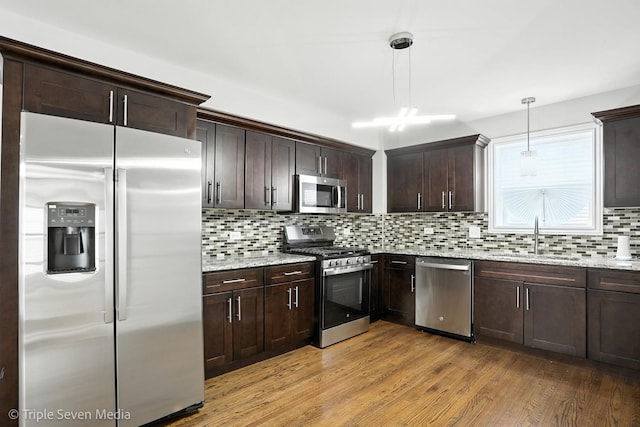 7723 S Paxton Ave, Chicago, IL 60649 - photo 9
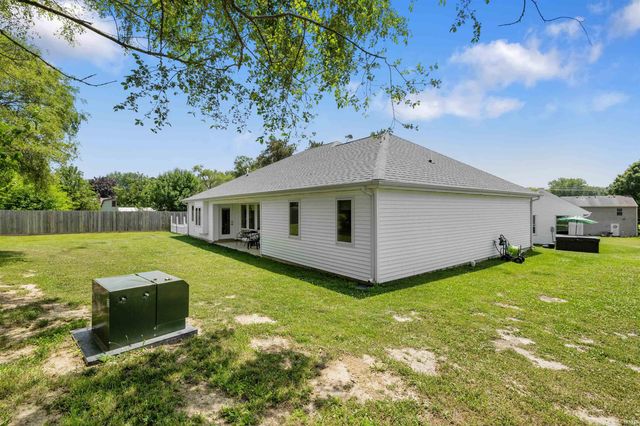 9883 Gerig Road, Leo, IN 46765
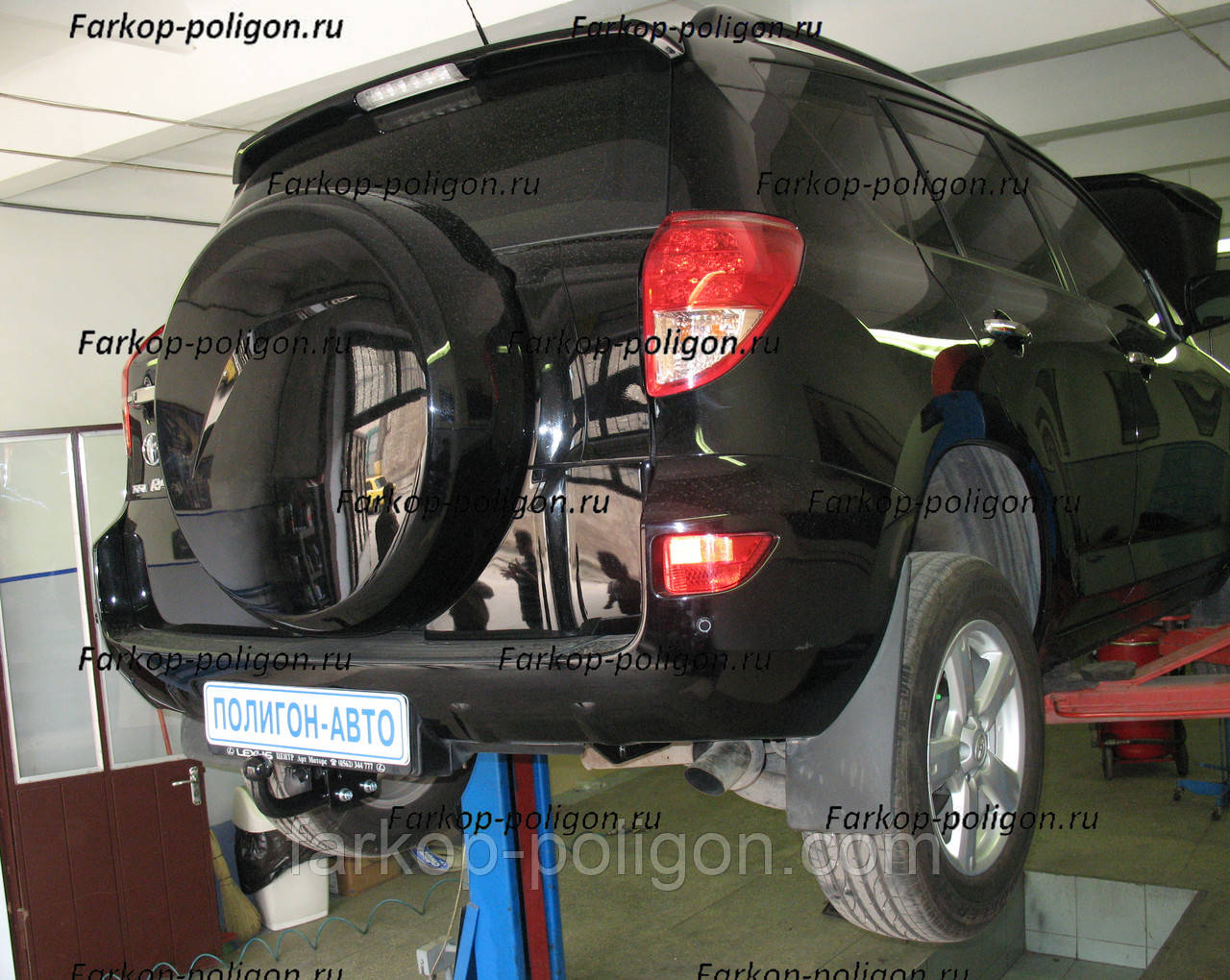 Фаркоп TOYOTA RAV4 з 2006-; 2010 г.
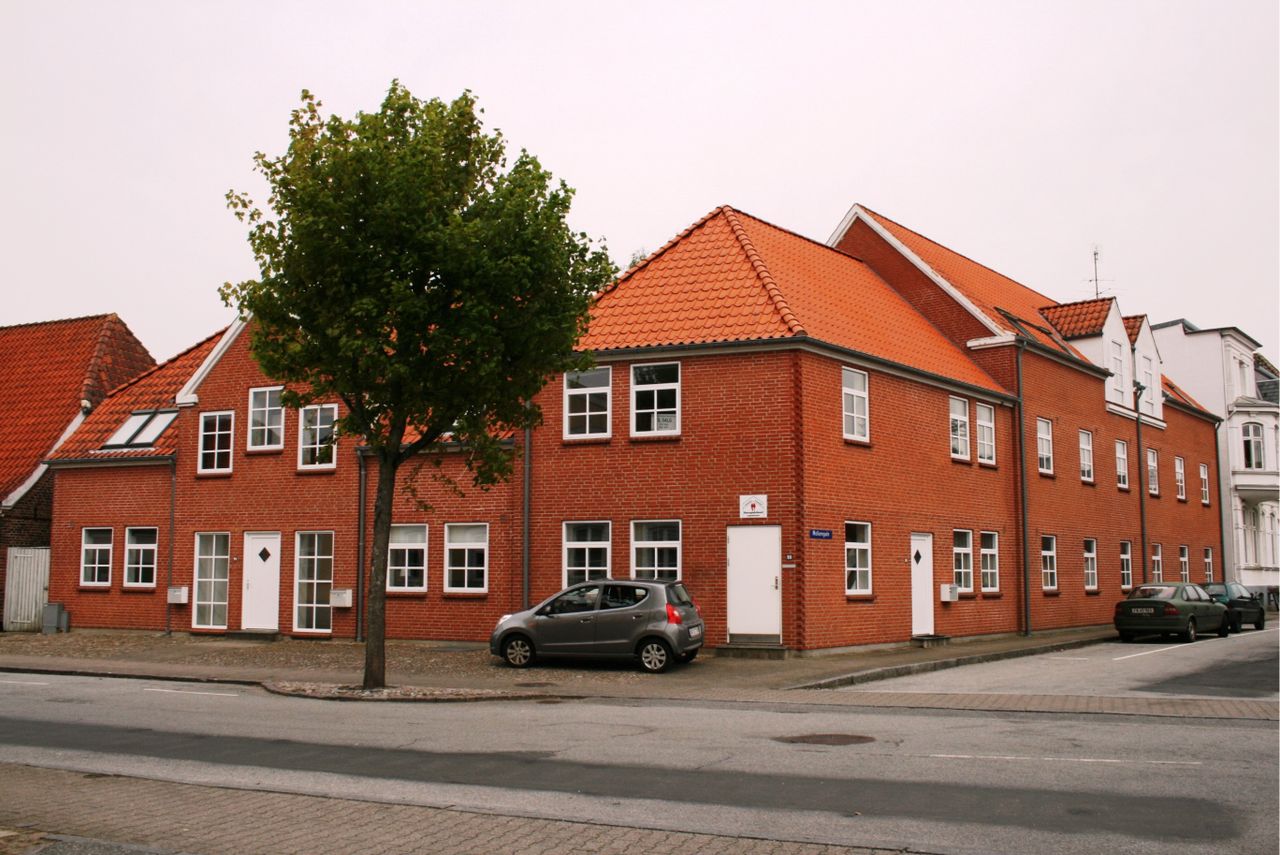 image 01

* * *

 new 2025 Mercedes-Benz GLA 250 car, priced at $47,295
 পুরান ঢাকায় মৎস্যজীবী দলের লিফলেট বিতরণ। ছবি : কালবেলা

WORK INSTRUCTIONS -
Find where the line with "new 2025 Mercedes-Benz" sits in the material above, then copy exactly from it through the line with "পুরান ঢাকায় মৎস্যজীবী". Add no other line.

RESULT -
 new 2025 Mercedes-Benz GLA 250 car, priced at $47,295
 পুরান ঢাকায় মৎস্যজীবী দলের লিফলেট বিতরণ। ছবি : কালবেলা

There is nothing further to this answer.